[Opening Material provided section]

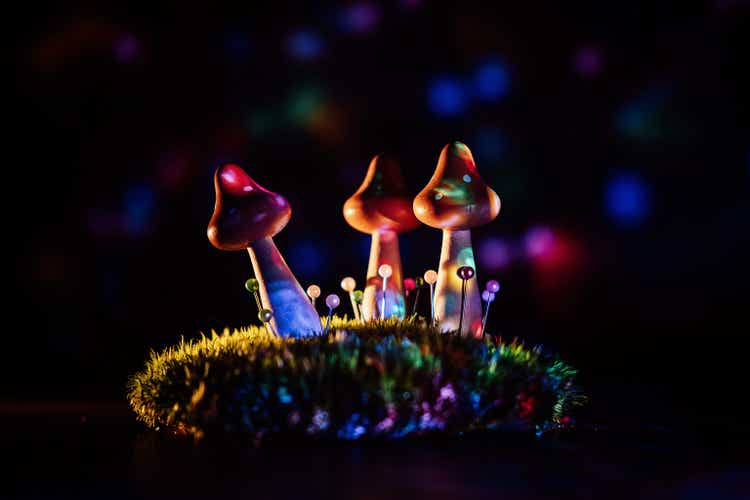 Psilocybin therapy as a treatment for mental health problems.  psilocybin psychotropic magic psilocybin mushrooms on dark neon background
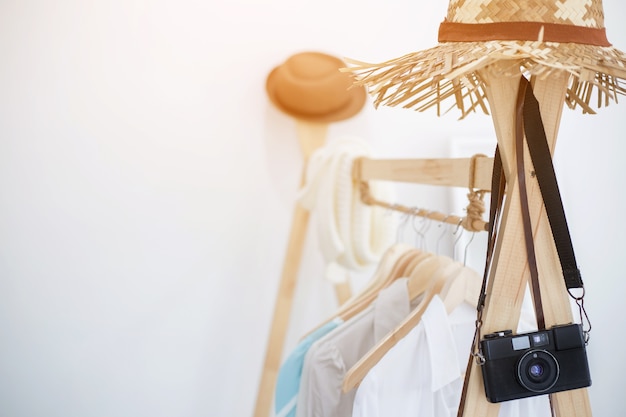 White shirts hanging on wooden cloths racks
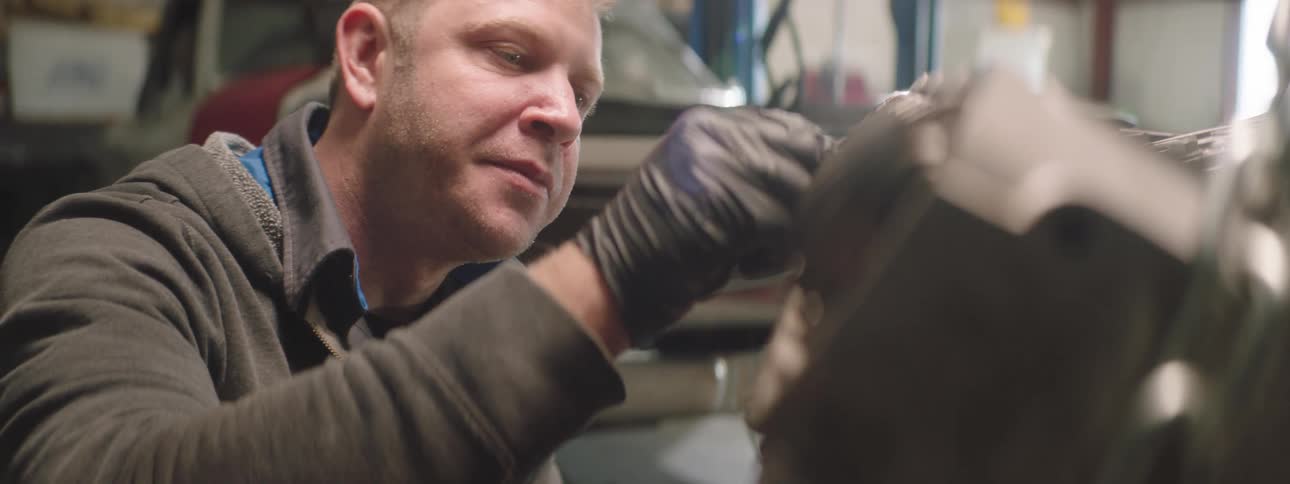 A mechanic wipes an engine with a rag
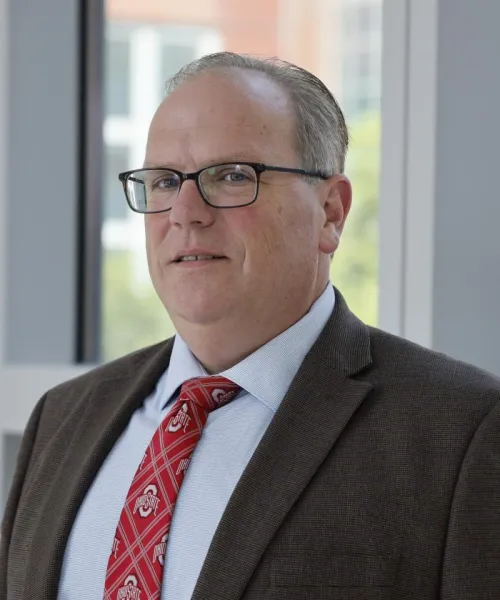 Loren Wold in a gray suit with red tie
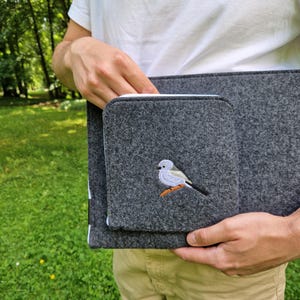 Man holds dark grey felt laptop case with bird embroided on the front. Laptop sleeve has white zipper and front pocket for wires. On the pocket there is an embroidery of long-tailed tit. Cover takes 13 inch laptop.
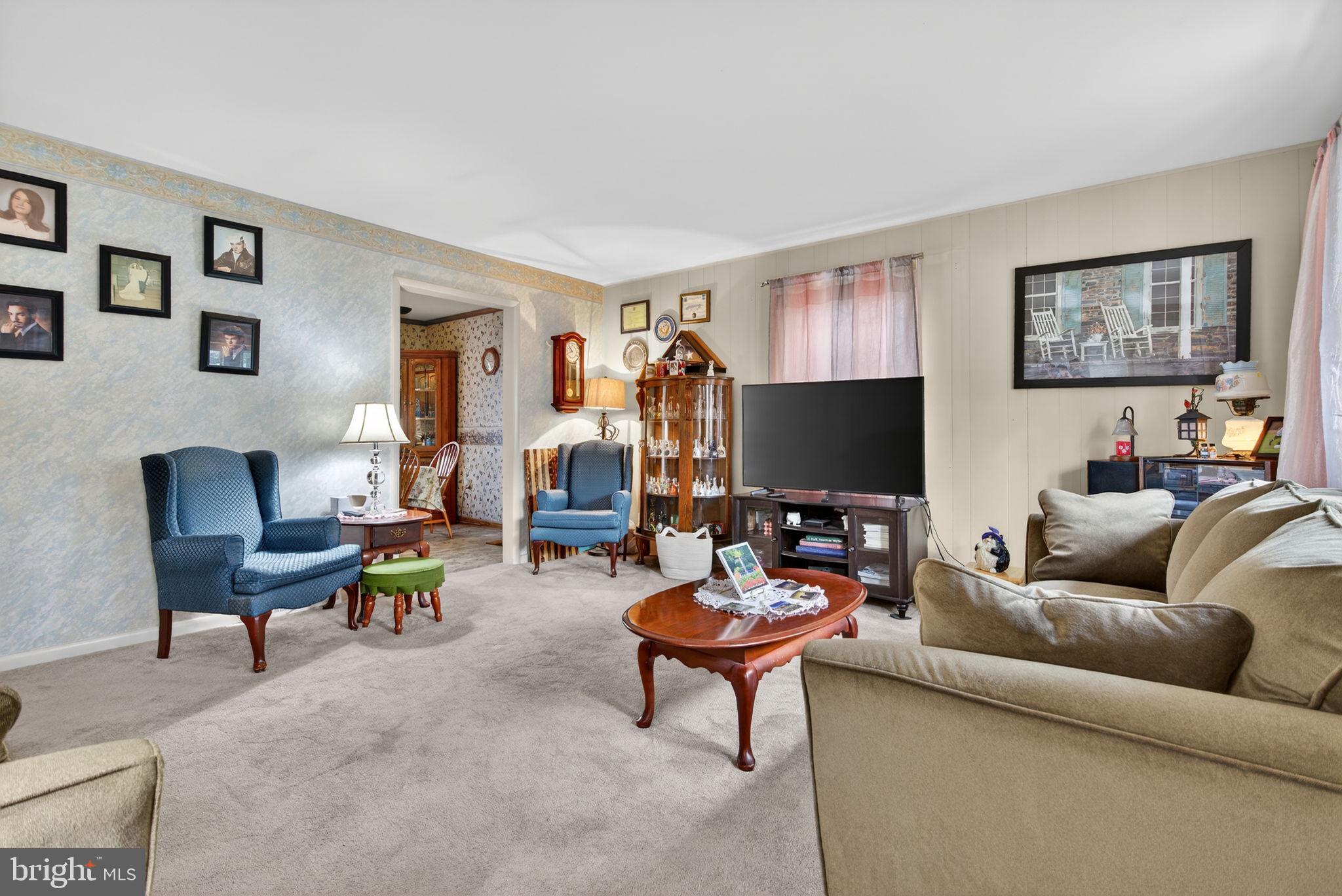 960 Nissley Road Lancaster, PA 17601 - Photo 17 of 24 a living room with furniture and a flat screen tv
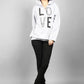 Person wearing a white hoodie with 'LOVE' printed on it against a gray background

[Closing Material provided section]
[Opening Material provided section]

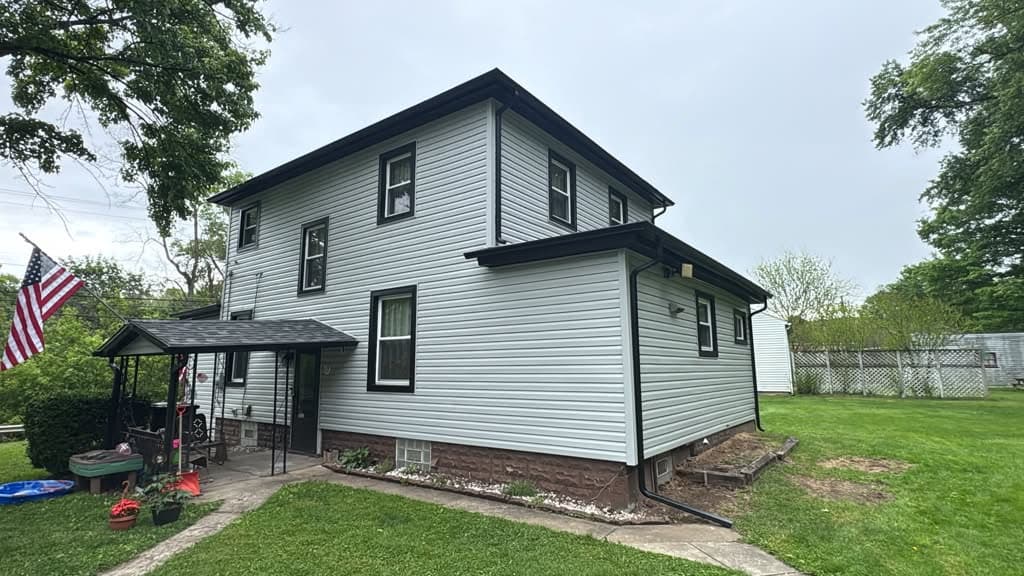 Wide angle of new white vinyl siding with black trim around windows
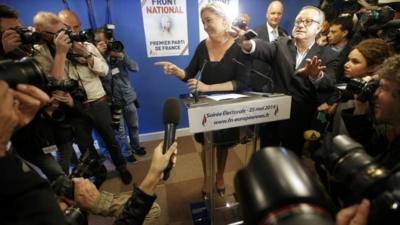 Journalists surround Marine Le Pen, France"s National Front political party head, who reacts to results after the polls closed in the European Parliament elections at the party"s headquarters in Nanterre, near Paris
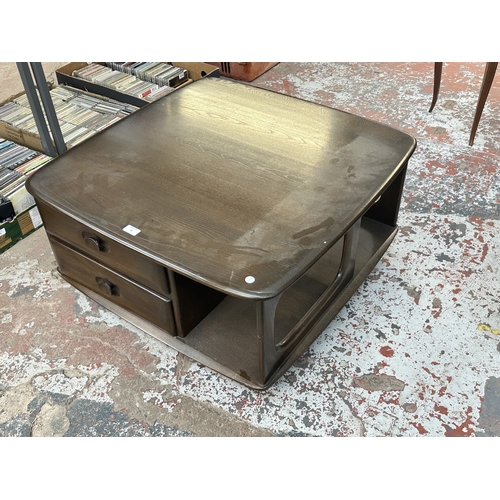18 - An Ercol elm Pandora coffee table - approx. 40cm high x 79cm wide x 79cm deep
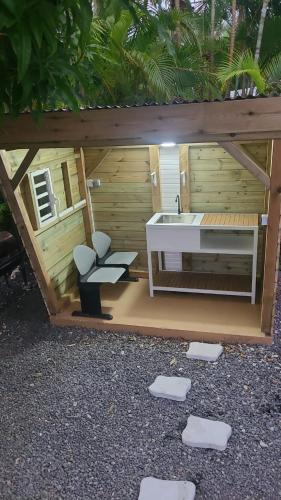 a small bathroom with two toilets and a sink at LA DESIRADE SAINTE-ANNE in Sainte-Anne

[Closing Material provided section]
[Opening Material provided section]

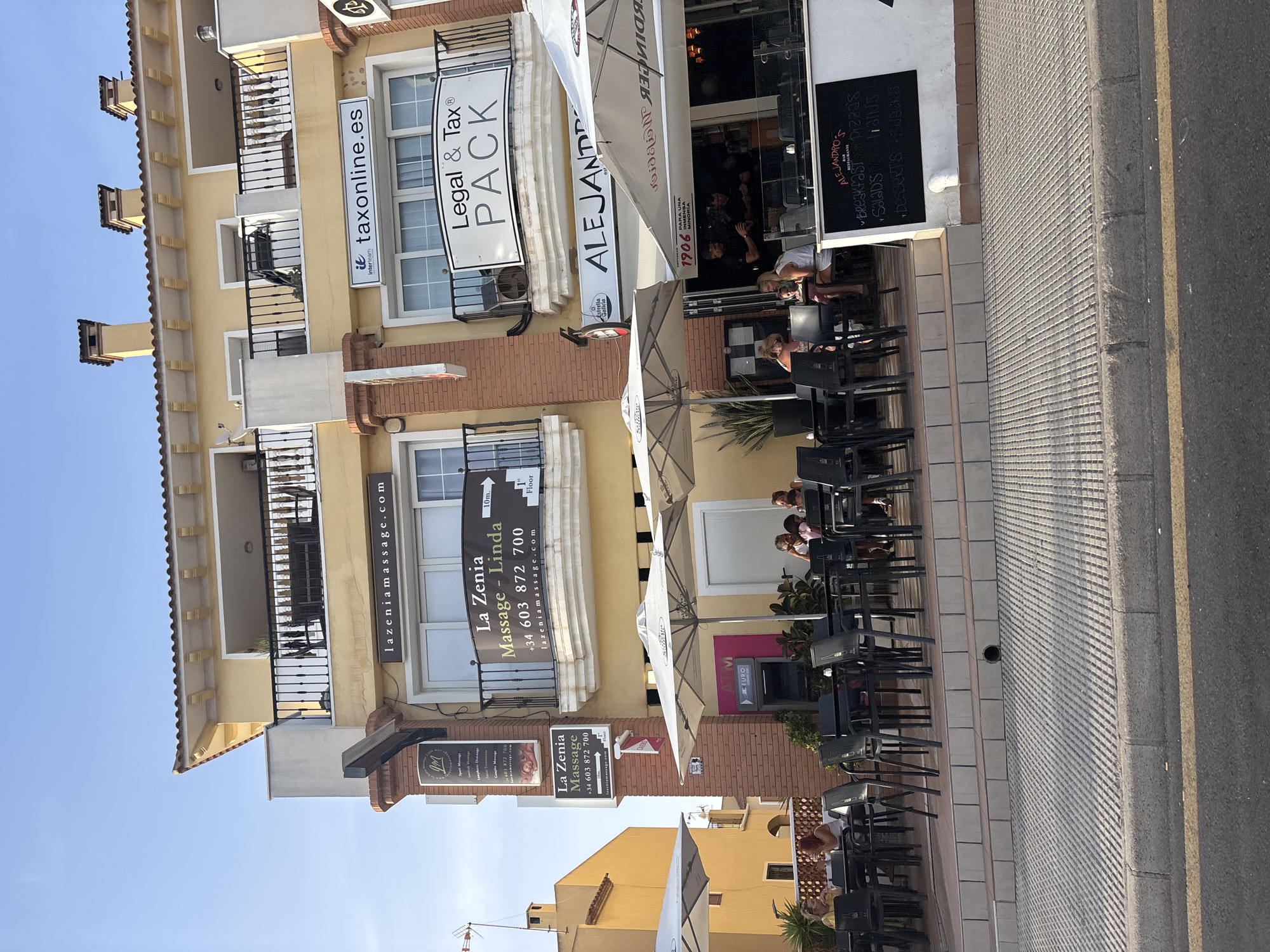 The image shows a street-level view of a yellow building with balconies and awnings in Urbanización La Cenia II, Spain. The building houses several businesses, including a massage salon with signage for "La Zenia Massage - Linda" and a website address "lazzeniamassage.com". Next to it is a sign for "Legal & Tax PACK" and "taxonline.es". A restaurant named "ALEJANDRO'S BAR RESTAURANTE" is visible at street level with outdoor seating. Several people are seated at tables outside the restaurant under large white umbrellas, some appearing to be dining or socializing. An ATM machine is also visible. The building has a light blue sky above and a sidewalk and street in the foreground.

[Closing Material provided section]

Exercise instructions:
Transcribe, word for word, the lines of the listing above from the one that contains "960 Nissley Road" through the one that contains "Person wearing a", keeping both ends and dropping the pictures.

Solved exercise:
 960 Nissley Road Lancaster, PA 17601 - Photo 17 of 24 a living room with furniture and a flat screen tv
 Person wearing a white hoodie with 'LOVE' printed on it against a gray background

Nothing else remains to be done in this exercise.